Из-за спин сеньорит выглянуло белое, как гипс, внимательное лицо благоухающего духами Дардо Моратто.
— Продолжайте, продолжайте, Эстевес. Я для того и приехал, чтобы узнать, что думают в Мексике. Крайне интересно, крайне интересно видеть самое начало процесса. У вас дело идет. Вы себя покажете. Представьте меня девушкам. Но куда же вы?
— В туалет, — выпалил Эстевес.
— А!.. Знаете ли вы, как был изобретен сортир?
Сеньориты в очках с нервным смешком признались, что не знают. Моратто поправил галстук и широкий воротник пикейной рубашки.
— Какой пробел в вашем образовании! Его изобрел сэр Джон Уоттон, придворный елизаветинских времен, латинист и переводчик Вергилия. Что вы хотите, и он, несмотря на все свои достоинства, не избежал дворцовых интриг. Елизавета сослала его в один из этих холодных и неудобных замков. А как же, переводя Вергилия, пользоваться драгоценными моментами озарений, сопровождающих испражнение, когда приходится бежать по мерзлым полям?
Сделав в виде фиоритуры замысловатый жест, Моратто расплескал содержимое своего бокала.
— О, простите, сеньора, я вас не забрызгал?
— Ничего, — сказала, обернувшись, Норма Роблес. — Почти тринадцать лет, милый мой Родерико!.. Но ты ведь знаешь, в Мехико то-то и хорошо, что здесь никто никого не ищет, а, кроме того, у нас не отличишь зиму от лета, и время проходит незаметно. Да что я тебе рассказываю!
— Тринадцать лет, Норма.
— Ну и что?
— Ты ждешь мужа?
— Мужа? — она, жуя маслину, широко раскрыла глаза. И засмеялась — как раньше никогда не смеялась, подумал «милый мой Родерико». — Всему свое…

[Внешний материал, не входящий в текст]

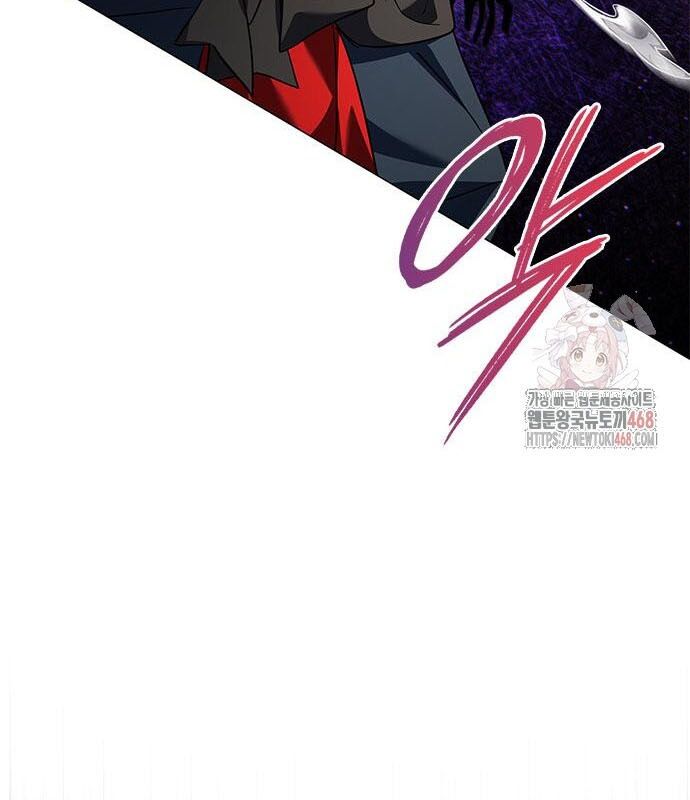 Đêm Của Yêu Tinh Chap 98 - Next Chap 99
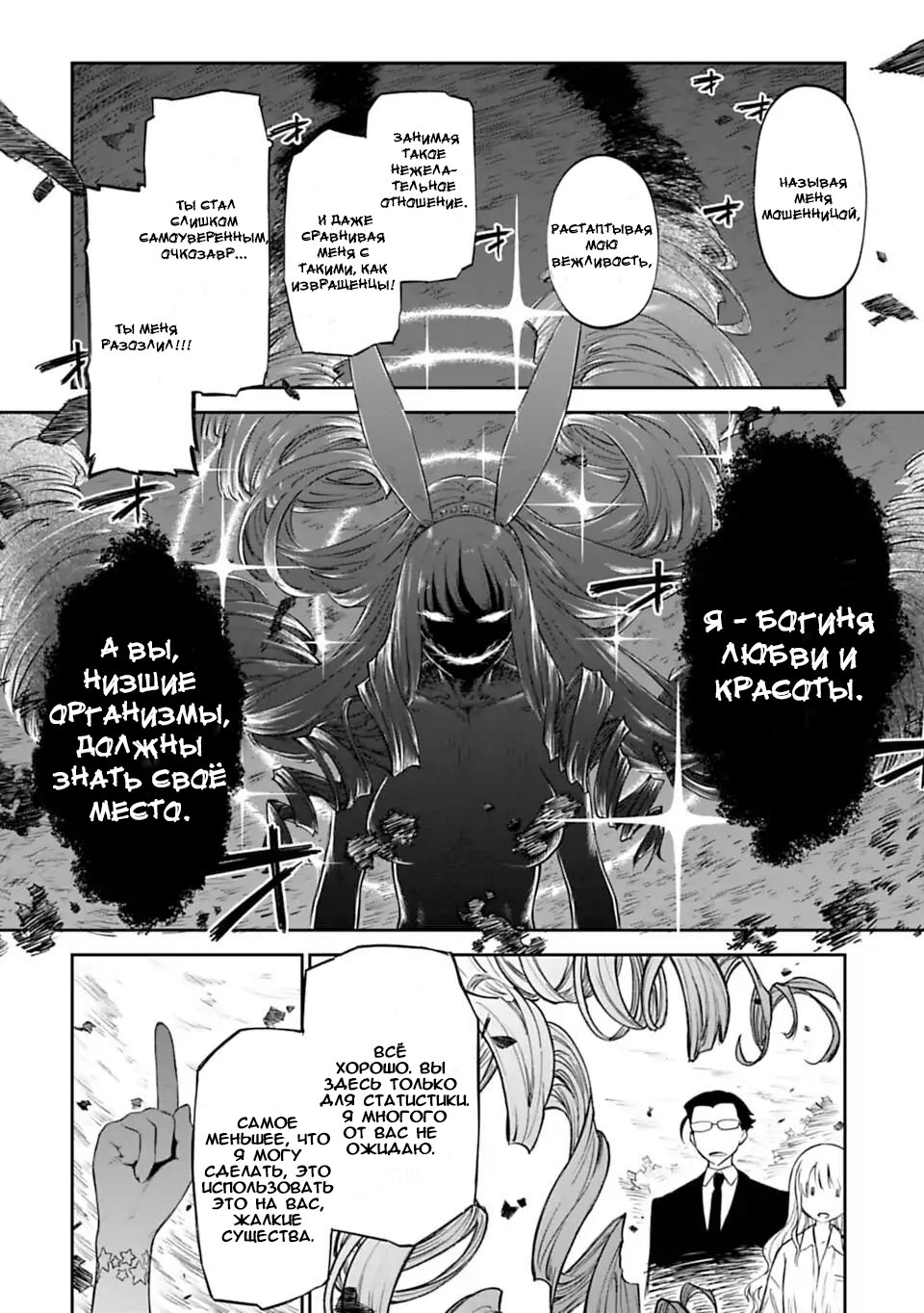Манга Фантастический мир с обращённым в красавицу мужчиной и… - Глава 1 Страница 29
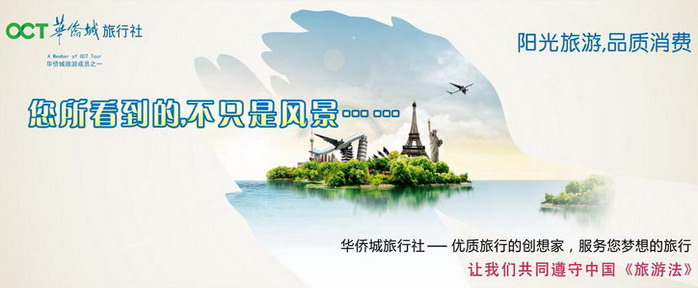 深圳华侨城旅行社是华侨城集团旗下国际旅行社,品牌实力保证出游品质.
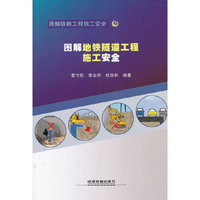 图解地铁隧道工程施工安全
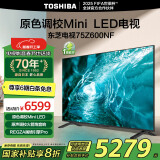 东芝电视75Z600NF 75英寸 原色调校Mini LED  4K144Hz超清巨幕智能平板电视机 以旧换新 家电国家补贴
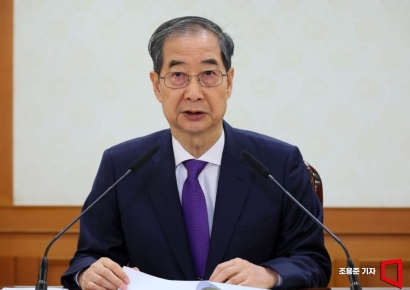 [포토] 한덕수 대행, 안보관계장관회의 주재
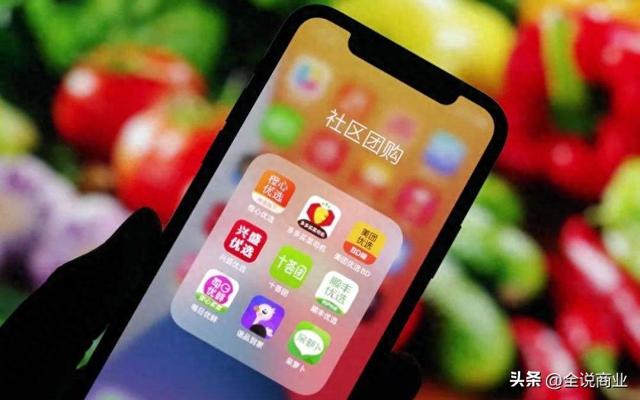 为了不让太多干线下行业的人失业，政府会抑制互联网的发展吗？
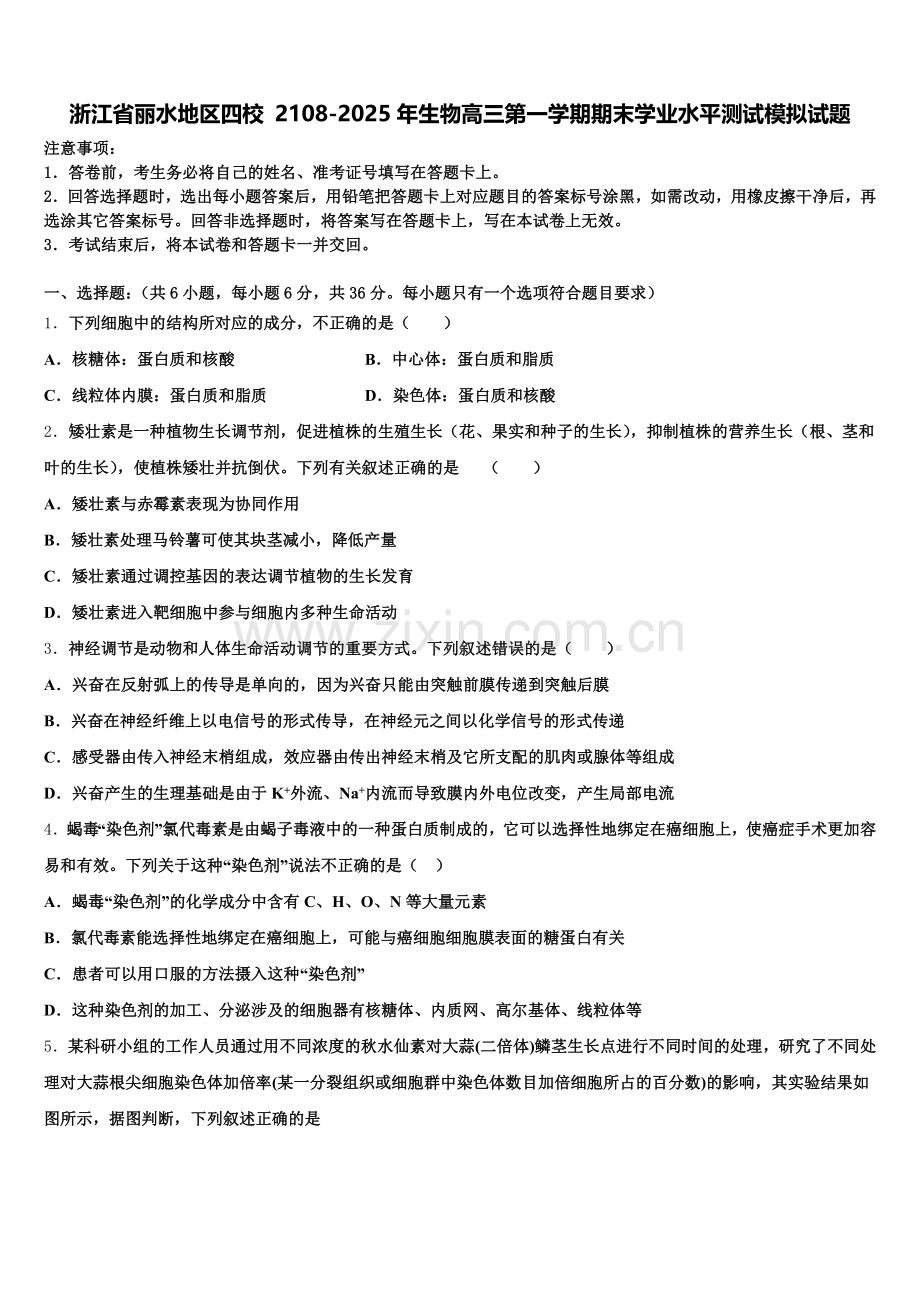浙江省丽水地区四校 2108-2025年生物高三第一学期期末学业水平测试模拟试题.doc_第1页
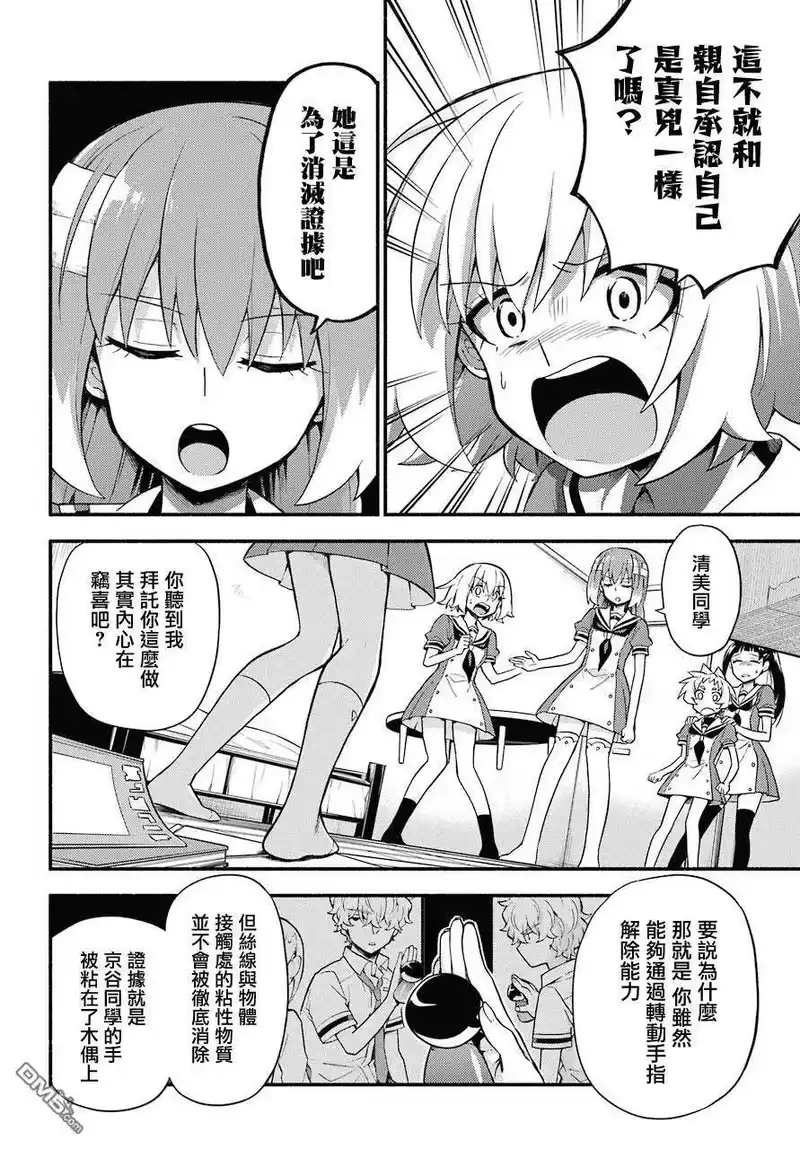 无能的奈奈_h 52 人类之敌 PART4 第14页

— Норма, — проговорил Родриго и хотел взять ее за теплую руку, сверкающую золотом и бриллиантами.
— О, тихо. Ты все еще чувствуешь себя в саду нашего незабвенного отрочества. — Она утопила в рюмке новый смешок. — В твоей пучине погибну я, бурный джин!
Никогда еще он не видел ее такой красивой, как теперь, под двумя вуалями, схваченными бриллиантовым аграфом. И она была иной, чем прежде.
— Ты стал настоящий стиляга. Я вижу, времена переменились к лучшему.
— Смотря с какой точки зрения, — сказал Родриго, разводя руками.
— Ну, ну, ну, не начинай опять эти нескончаемые разглагольствования доморощенного трибуна. Как ты мне надоел! Это — во-первых; а во-вторых, ты был не прав, не так ли? Нет, мой мальчик, только мы, богатые люди, отдаем себе отчет в том, какая пропасть отделяет нас от бедных; бедные не знают о ней, и, пока их не просветит какой-нибудь ренегат-помещик, нам ничто не грозит. Но comes the revolution[34], и первыми расстреливают ренегатов и путающихся под ногами интеллигентов. Ха-ха!
Родриго молчал, уставившись на спичку, валявшуюся на полу. Снова вкрался протяжный голос Дардо Моратто:
— Сэр Джон изобретает сортир и, сидя в нем, переводит Вергилия. Великий труд успешно доводится до конца. И подумать только, что нынешние английские джентльмены, отправляя нужду, не воздают благочестивой дани памяти сэра Джона Уоттона, латиниста, придворного и переводчика Вергилия!
— Ах, Родригито, неужели ты так и будешь вечно ставить себя в смешное положение! Эй, человек! «Дайкири» для сеньора…
Фиделио чуть не разлил рюмки. («Черт бы побрал… уже скоро одиннадцать, скоро приедет Грабиэль, а я здесь. Черт бы побрал…»)
— Смотри себе под ноги, — прошипел Бобо. — Что с тобой сегодня? Ходишь, как очумелый.
Норма, протянув руки, похожие на дремлющих змей, взяла с подноса рюмки.
— Ах, как хорошо быть замужем за важной персоной, финансовым гением, который строго выполняет свои обязанности, но не выходит за рамки. Если бы он не приходил ко мне раз в неделю, я бы подумала, что он сошелся с другой, и это пробудило бы во мне ревность, дополнение к любви, которого я вовсе не желаю! Я бы горевала, тосковала, терзалась и не пошла бы на такую приятную party[35], где встречаешь старых друзей, которых уже не надеялась когда-нибудь увидеть. А что ты поделываешь теперь, старина?
— Ничего; немножко пишу и…
Норма беззвучно зааплодировала затянутыми в перчатки руками:
— Прекрасно, прекрасно, литература такой же необходимый аксессуар, как сигареты или хороший коньяк.